- Narre Warren North
- Interactive map of Narre Warren North
- Coordinates: 37°58′55″S 145°18′50″E﻿ / ﻿37.982°S 145.314°E
- Country: Australia
- State: Victoria
- City: Melbourne
- LGA: City of Casey;
- Location: 36 km (22 mi) from Melbourne; 10 km (6.2 mi) from Dandenong;

Government
- • State electorate: Narre Warren North;
- • Federal division: Bruce;

Area
- • Total: 11.5 km^{2} (4.4 sq mi)
- Elevation: 62 m (203 ft)

Population
- • Total: 8,033 (2021 census)
- • Density: 698.5/km^{2} (1,809/sq mi)
- Postcode: 3804
- Mean max temp: 42.0 °C (107.6 °F)
- Mean min temp: 6.9 °C (44.4 °F)
- Annual rainfall: 762.2 mm (30.01 in)
Suburbs around Narre Warren North
| Lysterfield South | Lysterfield | Narre Warren East |
| Endeavour Hills | Narre Warren North | Harkaway |
| Hallam | Narre Warren | Berwick |

= Narre Warren North =

Narre Warren North is a suburb in Melbourne, Victoria, Australia, 36 km south-east of Melbourne's Central Business District, located within the City of Casey local government area. Narre Warren North recorded a population of 8,033 at the 2021 census.

==History==

Before the construction of the Gippsland railway line, Narre Warren North was actually the location of the Narre Warren township. The construction of Narre Warren railway station, however, moved the township 2 km to the south, which is what happened to Upper Beaconsfield, Clyde North and many other townships.

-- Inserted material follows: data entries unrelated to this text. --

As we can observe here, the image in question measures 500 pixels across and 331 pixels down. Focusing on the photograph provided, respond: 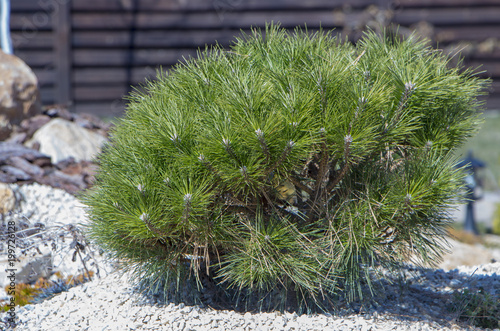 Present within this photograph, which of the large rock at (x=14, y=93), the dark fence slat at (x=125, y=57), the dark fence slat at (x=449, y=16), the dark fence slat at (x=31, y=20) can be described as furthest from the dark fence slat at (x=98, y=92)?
the dark fence slat at (x=449, y=16)

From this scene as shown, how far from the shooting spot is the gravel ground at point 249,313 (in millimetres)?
2084

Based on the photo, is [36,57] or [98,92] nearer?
[36,57]

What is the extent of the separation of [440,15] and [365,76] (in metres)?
5.97

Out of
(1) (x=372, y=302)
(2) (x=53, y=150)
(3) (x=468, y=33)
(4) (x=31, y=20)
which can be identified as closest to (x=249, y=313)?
(1) (x=372, y=302)

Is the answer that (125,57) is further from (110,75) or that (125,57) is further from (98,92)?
(98,92)

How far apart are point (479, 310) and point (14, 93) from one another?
4.28 metres

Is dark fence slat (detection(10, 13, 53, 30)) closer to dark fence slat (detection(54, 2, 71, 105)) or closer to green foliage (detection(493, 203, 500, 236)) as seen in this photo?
dark fence slat (detection(54, 2, 71, 105))

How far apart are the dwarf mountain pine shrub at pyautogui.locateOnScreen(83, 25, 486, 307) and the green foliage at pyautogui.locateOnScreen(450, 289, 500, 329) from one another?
456 mm

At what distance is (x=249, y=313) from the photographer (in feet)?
7.02

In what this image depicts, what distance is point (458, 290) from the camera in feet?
8.76

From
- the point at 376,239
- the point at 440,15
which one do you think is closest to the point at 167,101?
the point at 376,239

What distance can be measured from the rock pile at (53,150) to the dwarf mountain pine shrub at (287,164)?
6.42 ft

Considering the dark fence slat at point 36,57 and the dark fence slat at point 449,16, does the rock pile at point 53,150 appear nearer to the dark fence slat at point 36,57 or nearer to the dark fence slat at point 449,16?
the dark fence slat at point 36,57

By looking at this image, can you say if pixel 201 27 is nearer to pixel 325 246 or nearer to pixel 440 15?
pixel 440 15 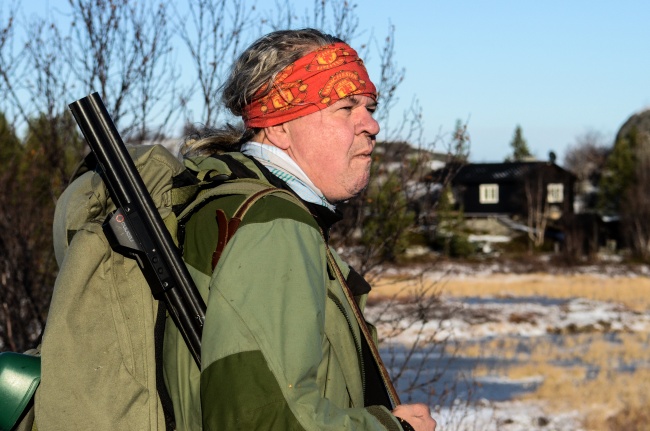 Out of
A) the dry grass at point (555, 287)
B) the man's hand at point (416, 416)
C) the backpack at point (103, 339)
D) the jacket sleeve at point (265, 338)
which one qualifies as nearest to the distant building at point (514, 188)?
the dry grass at point (555, 287)

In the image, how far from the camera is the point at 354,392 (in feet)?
6.12

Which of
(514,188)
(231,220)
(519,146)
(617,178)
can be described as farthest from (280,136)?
(519,146)

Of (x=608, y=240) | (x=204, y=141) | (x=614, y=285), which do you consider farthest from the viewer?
(x=608, y=240)

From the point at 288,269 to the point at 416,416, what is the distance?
477 millimetres

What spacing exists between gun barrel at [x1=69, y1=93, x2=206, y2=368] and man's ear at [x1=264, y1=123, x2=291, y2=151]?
0.33 meters

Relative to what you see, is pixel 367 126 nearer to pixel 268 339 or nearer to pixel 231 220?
pixel 231 220

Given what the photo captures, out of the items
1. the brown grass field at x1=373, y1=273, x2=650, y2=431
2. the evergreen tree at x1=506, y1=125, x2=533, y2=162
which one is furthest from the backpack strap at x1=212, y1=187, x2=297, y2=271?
the evergreen tree at x1=506, y1=125, x2=533, y2=162

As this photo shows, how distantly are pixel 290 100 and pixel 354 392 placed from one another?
2.18 ft

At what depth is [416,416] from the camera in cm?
190

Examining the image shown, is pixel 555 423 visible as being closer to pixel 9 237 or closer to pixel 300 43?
pixel 9 237

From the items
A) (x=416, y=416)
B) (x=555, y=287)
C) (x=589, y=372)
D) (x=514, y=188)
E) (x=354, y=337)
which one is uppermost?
(x=354, y=337)

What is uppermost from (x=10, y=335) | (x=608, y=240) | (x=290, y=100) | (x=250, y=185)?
(x=290, y=100)

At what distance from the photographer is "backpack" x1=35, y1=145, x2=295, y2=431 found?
1.74 metres

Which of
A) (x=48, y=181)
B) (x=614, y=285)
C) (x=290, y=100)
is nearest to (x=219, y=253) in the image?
(x=290, y=100) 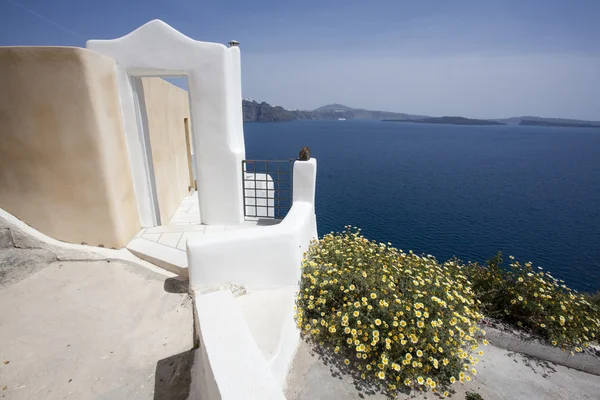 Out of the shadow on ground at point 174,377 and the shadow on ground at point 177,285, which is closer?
the shadow on ground at point 174,377

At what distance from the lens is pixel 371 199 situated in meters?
30.1

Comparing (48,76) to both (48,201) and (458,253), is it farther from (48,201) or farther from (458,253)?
(458,253)

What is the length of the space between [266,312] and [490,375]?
3.81 m

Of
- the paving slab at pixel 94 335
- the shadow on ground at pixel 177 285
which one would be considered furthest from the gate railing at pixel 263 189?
the paving slab at pixel 94 335

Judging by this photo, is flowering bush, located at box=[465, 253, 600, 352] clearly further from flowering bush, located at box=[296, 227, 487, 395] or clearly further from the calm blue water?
the calm blue water

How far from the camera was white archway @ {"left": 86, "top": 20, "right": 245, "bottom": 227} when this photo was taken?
16.8 ft

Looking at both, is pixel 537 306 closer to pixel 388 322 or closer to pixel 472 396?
pixel 472 396

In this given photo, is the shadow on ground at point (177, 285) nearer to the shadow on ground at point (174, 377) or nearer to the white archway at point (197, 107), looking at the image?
the shadow on ground at point (174, 377)

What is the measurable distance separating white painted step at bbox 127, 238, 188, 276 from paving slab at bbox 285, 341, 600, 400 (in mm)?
2355

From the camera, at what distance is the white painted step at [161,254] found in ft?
15.2

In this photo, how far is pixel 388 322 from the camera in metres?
3.56

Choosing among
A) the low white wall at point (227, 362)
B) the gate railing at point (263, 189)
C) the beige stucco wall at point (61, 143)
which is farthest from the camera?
the gate railing at point (263, 189)

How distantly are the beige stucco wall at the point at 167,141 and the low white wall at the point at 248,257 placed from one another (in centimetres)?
339

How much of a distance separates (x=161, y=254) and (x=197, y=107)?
289 cm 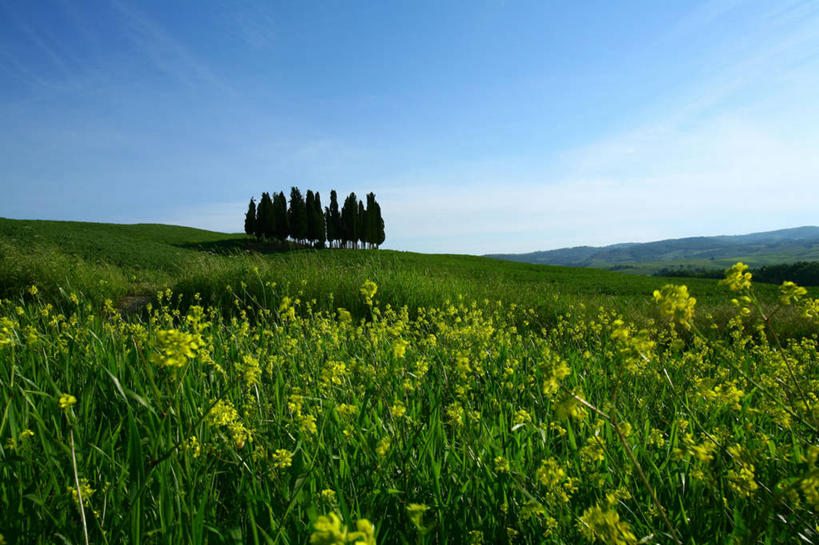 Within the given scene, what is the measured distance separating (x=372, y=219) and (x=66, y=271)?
45.5m

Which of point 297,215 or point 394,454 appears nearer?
point 394,454

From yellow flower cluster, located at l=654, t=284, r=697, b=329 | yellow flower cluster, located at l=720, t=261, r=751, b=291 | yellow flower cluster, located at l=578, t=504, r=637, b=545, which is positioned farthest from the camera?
yellow flower cluster, located at l=720, t=261, r=751, b=291

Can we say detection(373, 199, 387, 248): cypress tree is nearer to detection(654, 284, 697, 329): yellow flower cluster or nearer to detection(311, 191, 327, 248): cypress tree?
detection(311, 191, 327, 248): cypress tree

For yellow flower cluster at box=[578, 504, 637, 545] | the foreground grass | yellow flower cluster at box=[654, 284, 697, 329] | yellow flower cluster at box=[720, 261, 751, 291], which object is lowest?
the foreground grass

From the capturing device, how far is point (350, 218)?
2229 inches

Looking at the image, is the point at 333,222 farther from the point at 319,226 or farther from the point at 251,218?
the point at 251,218

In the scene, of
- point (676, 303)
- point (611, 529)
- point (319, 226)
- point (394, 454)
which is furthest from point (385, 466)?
point (319, 226)

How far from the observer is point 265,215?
56.8m

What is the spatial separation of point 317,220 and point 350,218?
447cm

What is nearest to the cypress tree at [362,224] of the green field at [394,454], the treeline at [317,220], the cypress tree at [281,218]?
the treeline at [317,220]

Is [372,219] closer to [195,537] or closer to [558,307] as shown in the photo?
[558,307]

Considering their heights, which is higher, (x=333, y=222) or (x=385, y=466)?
(x=333, y=222)

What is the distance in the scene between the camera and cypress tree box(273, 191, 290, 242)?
56.6m

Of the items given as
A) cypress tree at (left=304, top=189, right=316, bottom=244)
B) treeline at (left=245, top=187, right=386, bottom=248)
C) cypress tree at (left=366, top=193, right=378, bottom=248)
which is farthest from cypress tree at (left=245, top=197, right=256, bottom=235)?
cypress tree at (left=366, top=193, right=378, bottom=248) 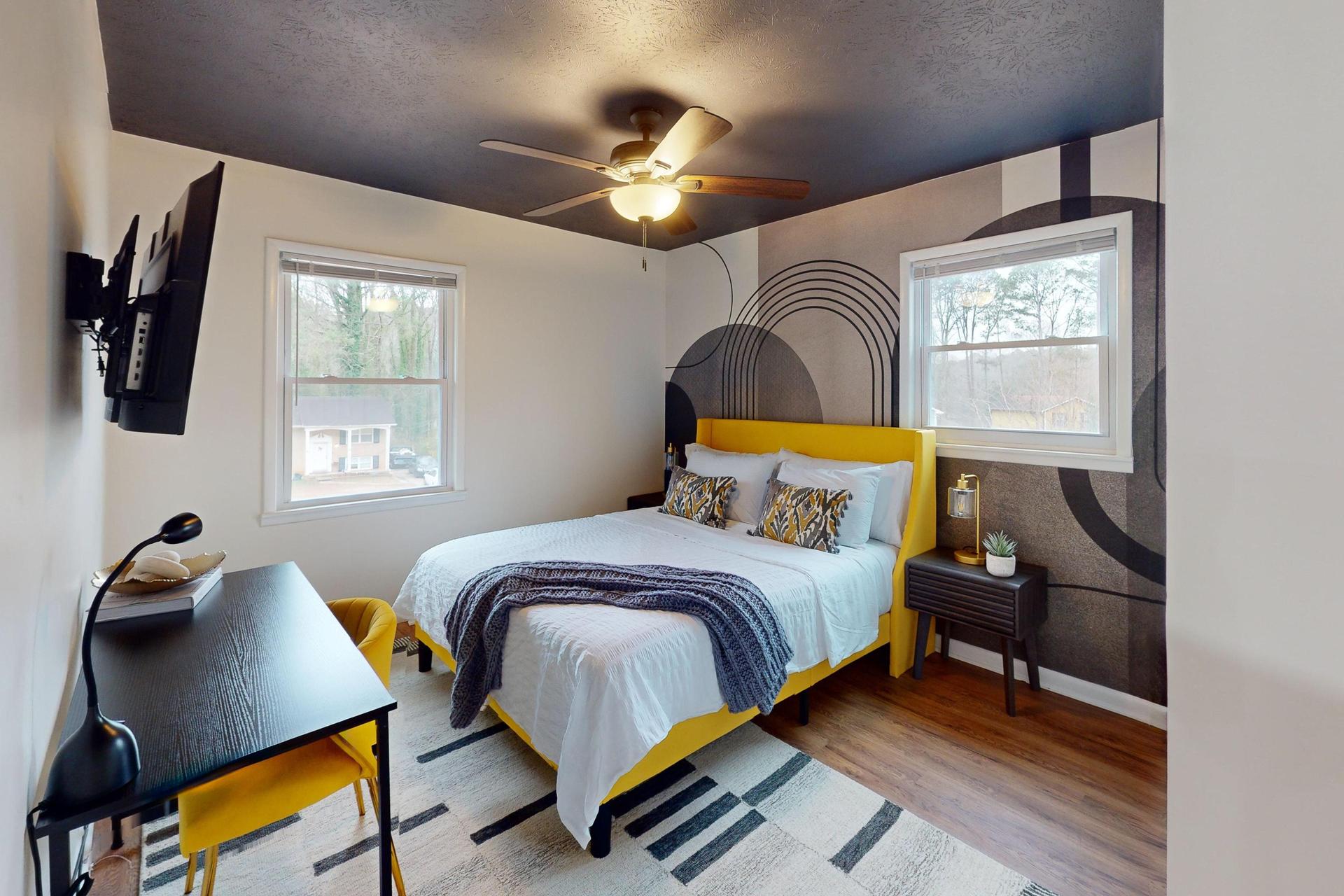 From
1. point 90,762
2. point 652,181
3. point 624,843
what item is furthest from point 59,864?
point 652,181

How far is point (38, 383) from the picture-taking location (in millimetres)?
1074

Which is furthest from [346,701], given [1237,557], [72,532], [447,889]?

Reflecting this, Narre Warren Post Office opened on 21 January 1869 and in 1900 was renamed Narre Warren North, and Narre Warren Railway Station office (open since 1886) was renamed Narre Warren.

==Sport==

Berwick City Soccer Club play their home games at Jack Thomas Reserve which is located in the suburb of Narre Warren North. They currently complete in the Victorian State League Division 2 South East.

Narre Warren North Foxes Football Club is a Junior Football Club that is also located in the suburb of Narre Warren North. They train and play at the Narre Warren North Recreation Reserve located on Belgrave-Hallam Road.

== Transport ==
The suburb is connected to Narre Warren, Fountain Gate Shopping Centre, Narre Warren Railway Station, Casey Central, and Cranbourne Railway Station via the 841 bus service.

While there is no direct train service, Narre Warren Railway Station is nearby and allows for easy access to the city, East Pakenham, Traralgon, Sale, and Bairnsdale via Metro Trains Melbourne and V/Line.

==See also==
- City of Berwick – Narre Warren North was previously within this former local government area.